Monday’s southbound Auto Train suffered a lengthy delay when its crew ran out of time under the federal hours-of-service law, and was still in South Carolina some 24 hours after departure, and more than 7 hours after it was supposed to have arrived in Sanford, Fla. The wait for a replacement crew was complicated by the fact that only a small number of crews are certified to run the lengthy consist of passenger cars and auto racks. ABC News reports some passengers were apparently calling 911 during the delay, based on videos in which a crew member asks passengers to please stop calling police.

The train status feature on Amtrak’s website shows the train finally arrived in Sanford at 6:03 a.m. today (Wednesday, Jan. 11), some 20 hours, 4 minutes late. Monday’s northbound Auto Train arrived in Lorton at 6:53 p.m. on Tuesday, almost 9 hours late.

In light of the lengthy delay, Amtrak canceled the Auto Train in both directions Tuesday. The northbound Star and Meteor combined, and were running more than 6 hours off the Star’s schedule, with the Meteor more than 14 hours late. The southbound Meteor also detoured, but an Amtrak alert said that Monday’s train would terminate at Hamlet, with alternate transportation provided for the otherwise stranded passengers from there.

— News Wire editor David Lassen contributed to this report. Updated at 6:50 a.m. CST with southbound Auto Train arriving in Florida; updated at 1:05 p.m. CST with additional details on Amtrak service disruptions in California.

7 thoughts on “Slide threat cancels Pacific Surfliners, Coast Starlight; Auto Train sees massive delay (updated)

  1. OH Boo Hoo East coast snowflakes got inconvenienced so they call 911 & make national news “because this sort of thing isn’t suppose to happen to people like us”. Never any national story about EB or CZ record tardy arrivals. Its not like they can bus the AT psgrs around the derailment since they brought their cars with them & their luggage is probably in that car. If you’re that attached to having your own car on vacation just drive!

  2. No kidding. As reported on national news….passengers on the Auto Train called 911 for the police saying they were being held hostage on the train and were asking for help.

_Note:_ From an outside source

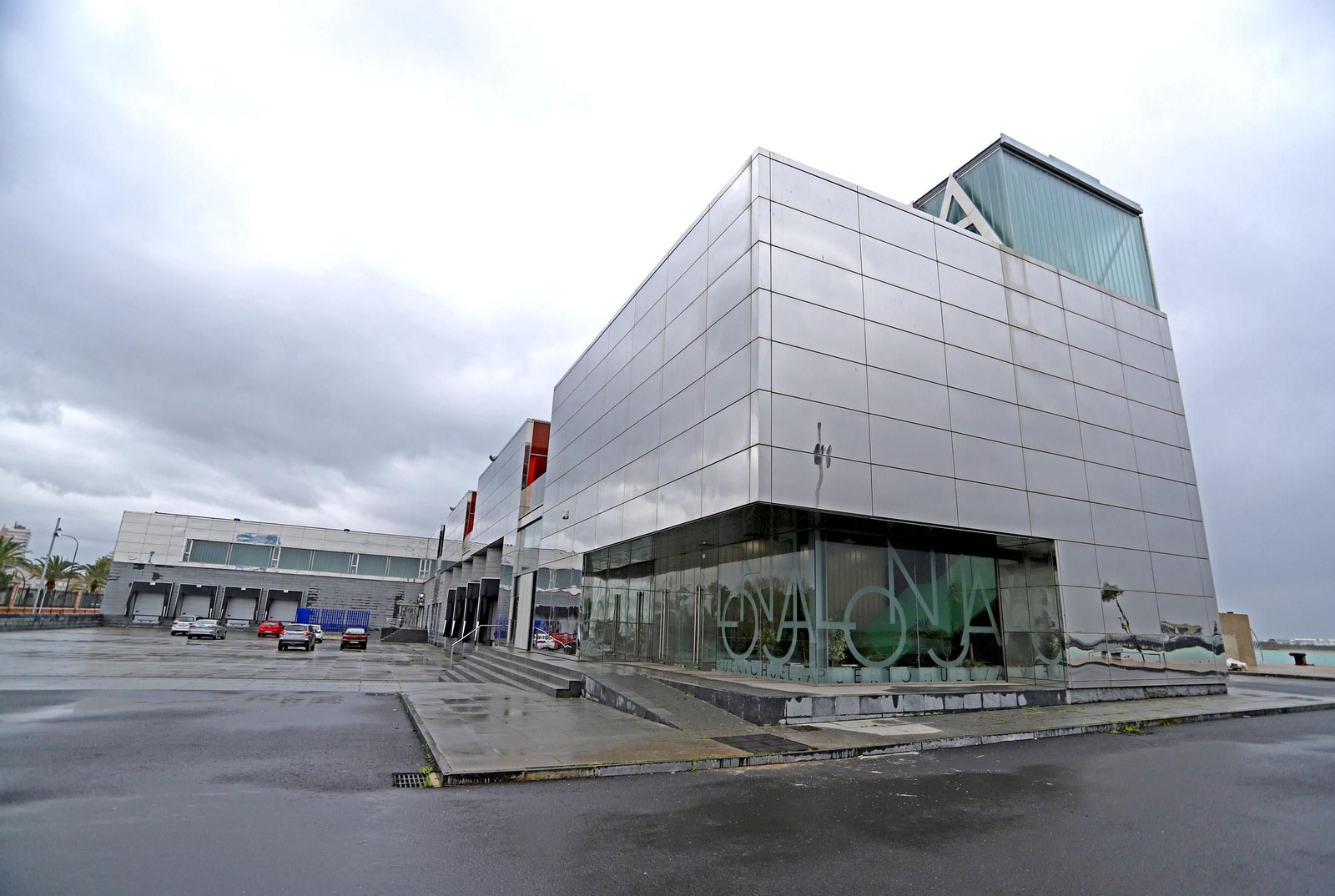 Imagen de la lonja de pesca del Muelle de Levante del Puerto de Huelva.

    Amtrak finally came on the PA and reminded passengers to quit calling 911 and that they were not being held hostage.

    This is a joke.

  3. Auto Train is a freight train with passenger cars on the head end. It is NOT the same. Many Amtrak engineers are promoted Amtrak conductors who never ran a freight train or worked in freight service. Also, the detour route has but one Amtrak train running over it. So that would reduce the number of available crews qualified over the route. AND, Hamlet is the crew change point for Amtrak. So that would require two crews.
    Auto Train is long, heavy and requires a completely different way of operating than a short light train. What should have been done, if available, is put a CSX crew on the train with an Amtrak RFE or TM aboard as an “equipment” pilot.

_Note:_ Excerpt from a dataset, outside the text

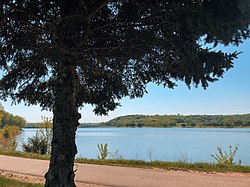 Пътека покрай езерото Byllesby, окръг Дакота, Минесота (27364961897) .jpg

  4. So, does this mean people certified for the Silver Star aren’t necessarily certified for the AutoTrain? Do the autoracks really make a difference in crew qualification? In any event, it appears that AMTRAK needs to get more people qualified. Further, it appears that AMTRAK headquarters left the on-board crew out to dry, failing to keep them up to date (such that, apparently, passengers thought they were being held hostage).

    1. Train handling for Auto Train is much different than “normal” passenger train handling and requires special training. One significant factor is that passenger trains use Graduated Braking for train control which permits the engineer to release the airbrakes gradually. This is not possible on Auto Train. The difference in skills is analogous to driving your average sedan vs. an 80,000 lb. tractor-trailer.

  5. Why is it not possible under these circumstances to waive the time rules to bring a train to a station or safe place to disembark to busses?
    Between Via’s issues on the 24th and Amtrack’s in the northwest this seems to a bad year for passenger train crews.

    1. Givernment is not going to waive rules such as these.
      Common Sense sets a bad precedent and creates unreasonable expectations.